Tuesday, February 20, 2007

Goodbye to Thomas Edison?



Thomas Edison is best remembered for inventing the incandescent light bulb. 125-years later his invention may be on the way out. What's wrong with Edison's light bulb is that it's terribly energy inefficient.

Australia, which is usually the source of global warming criticism, has announced that it may ban incandescent light bulbs and require they be replaced with compact, flourescents instead.

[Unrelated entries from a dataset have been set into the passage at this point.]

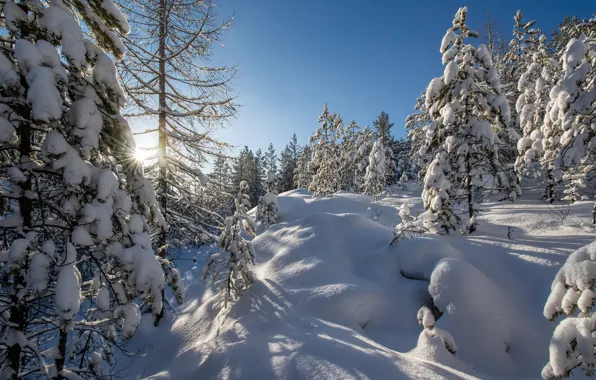 Picture winter, forest, snow, trees, the snow, Russia, Vladimir Bormotov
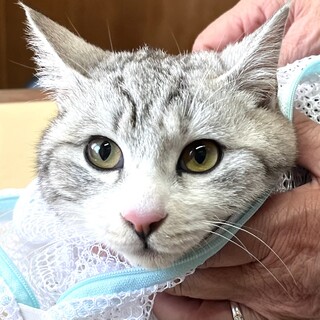 キャリアのサバ白猫ハスキー君去勢済み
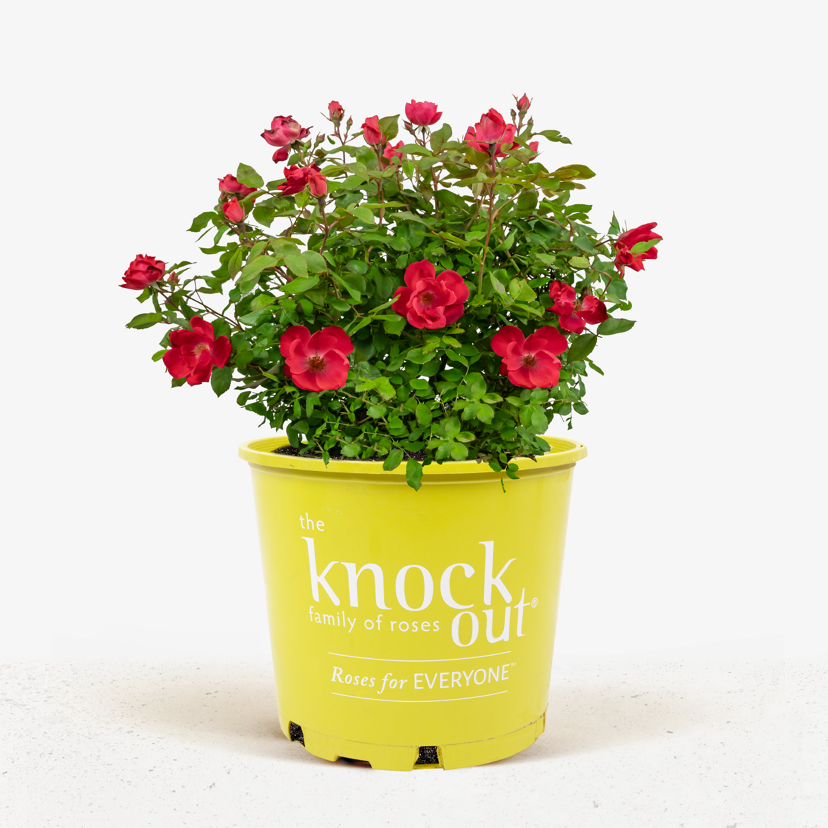 Red Knockout Rose Bushes For Sale Online | The Tree Center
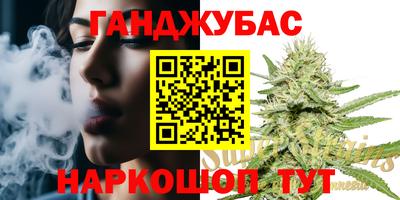 мдпв Бердск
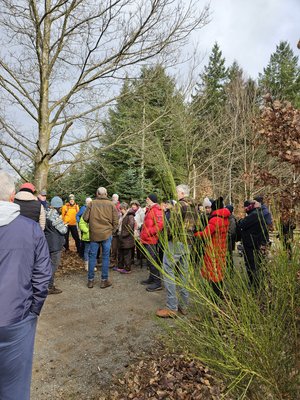 Foto von der Veranstaltung "Wald im Wandel" am 15.02.2026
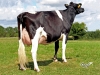 DOSE TAUREAU EDELWEISS - NFR4309210499 - 6678032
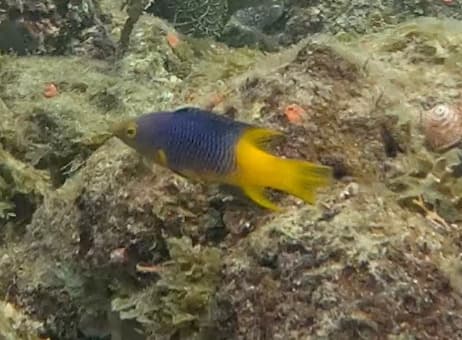 Spanish Hogfish in a marine aquarium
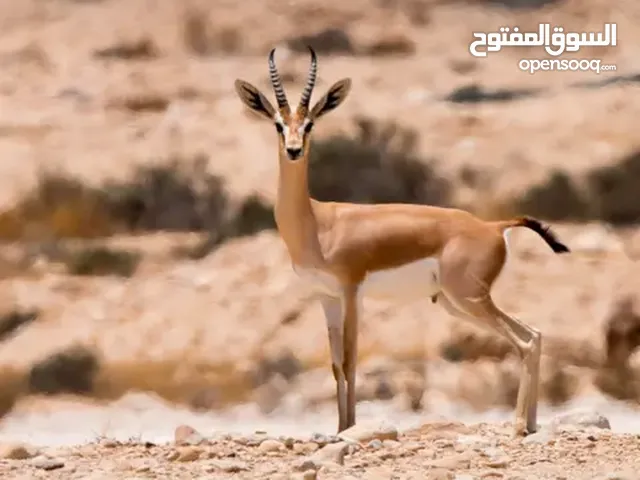 غزلان ريم و دماني ازواج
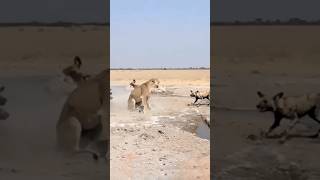 wild dogs attack lion | lion vs dog | the power of unity #wilddogs #shorts #youtubeshorts #ytshorts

Legislation to restrict the sale of the old bulbs could reduce Australia's greenhouse gas emissions by hundreds of thousands of tons and cut household lighting costs up to 66%, Environment Minister Malcom Turnbull said. Australia produced almost 565 million tons of greenhouse gases in 2004, officials say.

2 comments:

Anonymous said...

On the surface, this sounds like a good idea but the light from compact, flourescents is not the same and I find it of poorer quality, there is an added expense to compact, flourescents bulbs (not only money wise but in total ecological footprint), and (this is the weakess argument), I live in Canada - I can use the that extra heat....

OttawaCon said...

Hogwash.

The ecological footprint of a CFL bulb is only marginally higher than a single bulb, and it lasts 5-6 times longer.

That is 1/5 the shipping impact, but the huge difference is on the energy side - a 75W inc replaced by a 20W will save 550 kwh over its lifetime. That is over 500 pounds of coal, which is about 1300 pounds of CO2 and on average 22 pounds of SO2.

And they come in different degrees Kelvin ratings.

If you need extra heat, get a heater. Oddly, they are much more efficient at using electricity to generate heat.